New ecstasy laced mistletoe is a hit… but makes for awkward family reunions
A Newark company’s creation of a patent pending yuletide mistletoe has changed the game. Before concocting this wreath of lust, most revelers of Christmas had to muster up the courage to engage in what would become a meaningless peck of the lips to symbolize affection.
But now, using an imported Netherlands ecstasy of only the finest grade, your encounter under the mistletoe could end in the no pants dance. “It’s like I’m in a state of euphoria” says Yedidya Goldsmith, “one minute I’m sipping some eggnog and the next minute I’m half naked feeling like Barry White”.
Spirit of Christmas?
Mistletoe may never be the same. But not all are excited to know that all sense of reasonableness could be lost on such a sacred holiday. “I mean, Christmas is classy”
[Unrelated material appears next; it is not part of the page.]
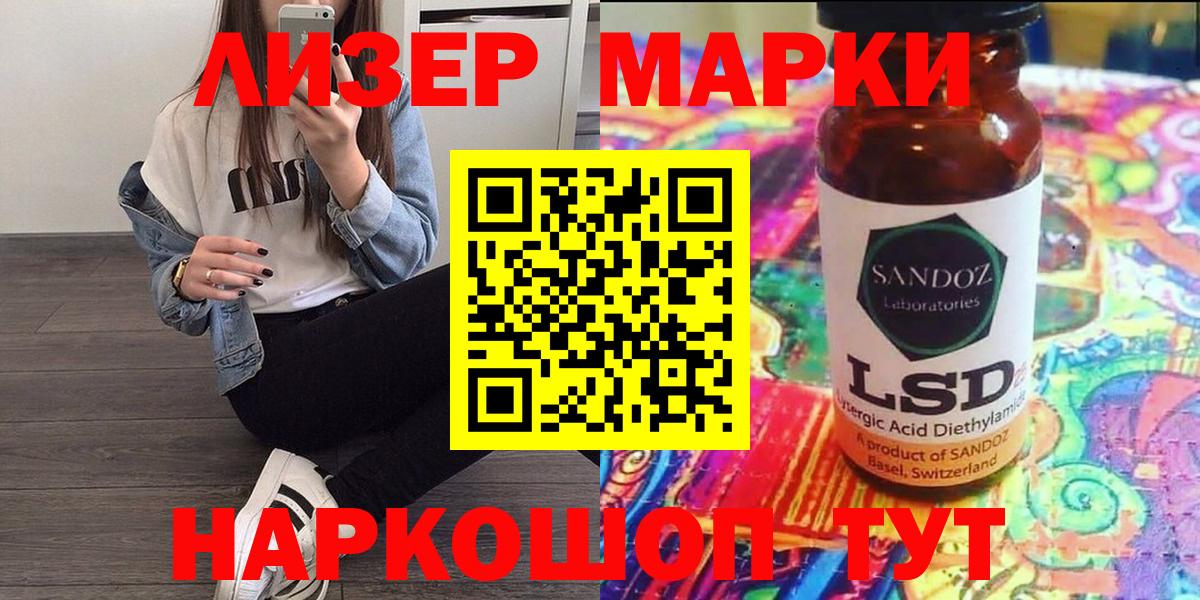 продажа наркотиков  Вход с VPN  Алапаевск  Марки N-bome 1,5мг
says Bunny Cinnamon, “I have been dancing for years on Christmas Eve just to get people in the mood, I’m outta business! I mean god, people are trashy!”
Chestnuts on an Open Fire
It’s expected to hit the stores soon after approval by the FDA, so count on a rush come Black Friday. However, although its sure to add spice to the holiday festivities, recent testing at the companies secret Nevada laboratory has caused reason for concern. “We had several families come and spend their weekend at our all inclusive 24/7 Christmas themed compound to test our mistletoe. It seems as though we may have the dosage too high… umm thats all I’ll say.” says director Carl McDonald.
Yes Christmas may never be the same. Crappy sweaters and burnt out Bing Crosby songs will feel like Chinese water torture without this new creation. So keep it a secret, and keep the family away! Opening Christmas gifts may soon get really boring… unless they’re Trojans!